Enfin, les comportements altruistes se manifestent souvent au sein des groupes de parenté, car plus on est proche d'une personne, plus elle a de chances de posséder les mêmes gènes que nous. L'aider augmente donc nos chances de préserver nos propres gènes. Scientifiquement parlant, cet argument est tout à fait valable. Cependant, nous observons souvent des comportements altruistes autour de nous, même sans lien de parenté. Par exemple, de nombreuses familles adoptives élèvent et prennent soin de leurs enfants comme s'ils étaient les leurs, même sans lien génétique. Les comportements altruistes dans des situations sans lien de parenté sont bien documentés dans les documentaires humanistes. Cependant, ces comportements ne sont pas simplement motivés par des impératifs génétiques. De plus, si la reproduction ne vise qu'à préserver les gènes, alors l'adoption est un comportement inexplicable. Élever un enfant qui n'est pas génétiquement identique à nous et qui n'a aucun lien de parenté avec nous n'est possible que grâce à des facteurs autres que les gènes.

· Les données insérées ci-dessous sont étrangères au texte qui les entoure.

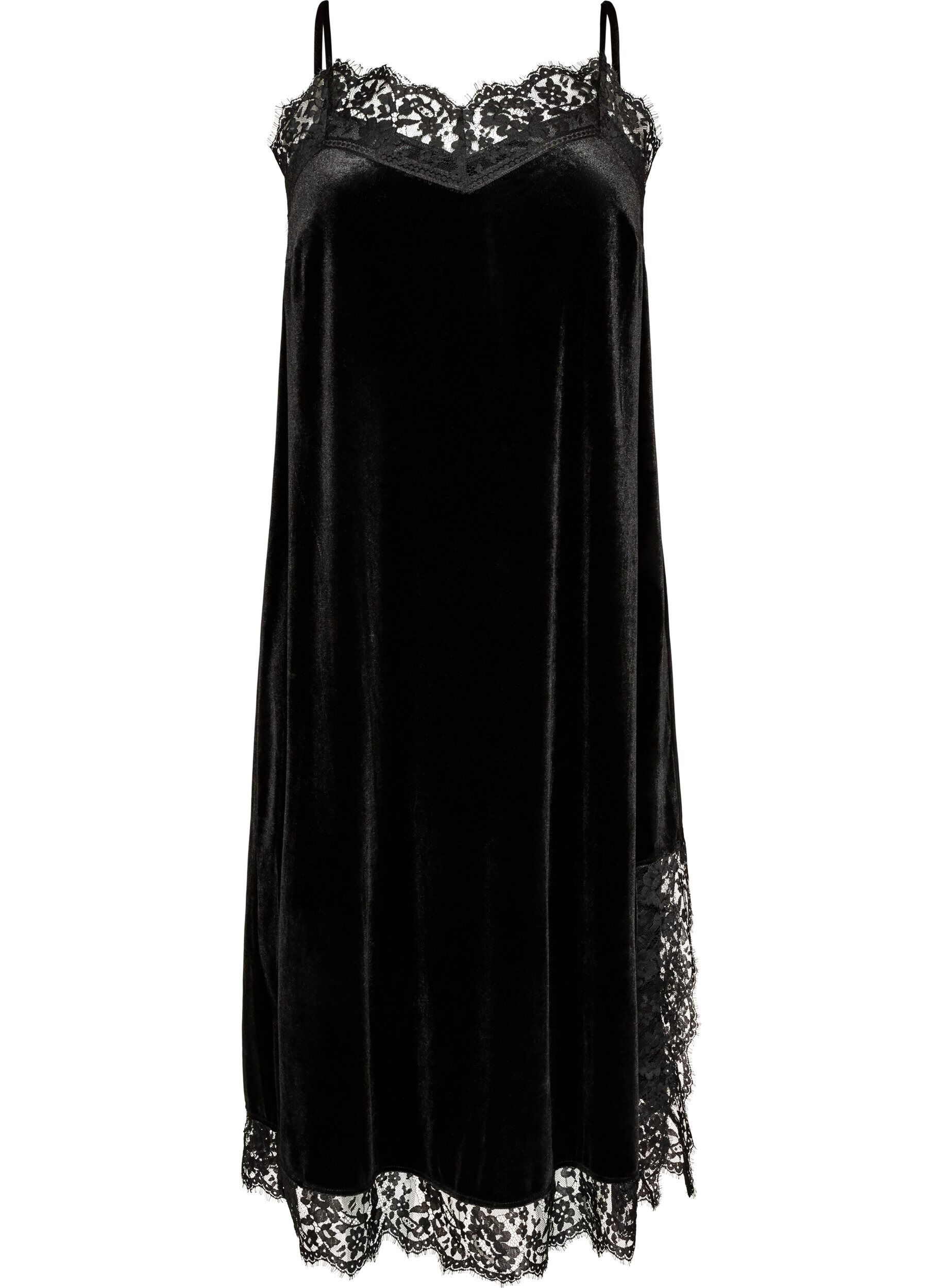 ZizziRobe en velours avec dentelle et fente lat&eacute;rale, Noir, Packshot image number 0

Clinton Richard Dawkins soutenait que les êtres vivants, y compris les humains, ne sont que des machines génétiques de survie. Or, la manipulation génétique, le transgendérisme et l'homosexualité, le cas coréen, le contrôle des naissances, l'adoption et l'altruisme sont des exemples qui réfutent cet argument. On constate que les êtres humains ne sont pas de simples machines de survie obéissant aux ordres de leurs gènes, mais sont capables de prendre leurs propres décisions. Par conséquent, je suis en désaccord avec la position de Clinton Richard Dawkins.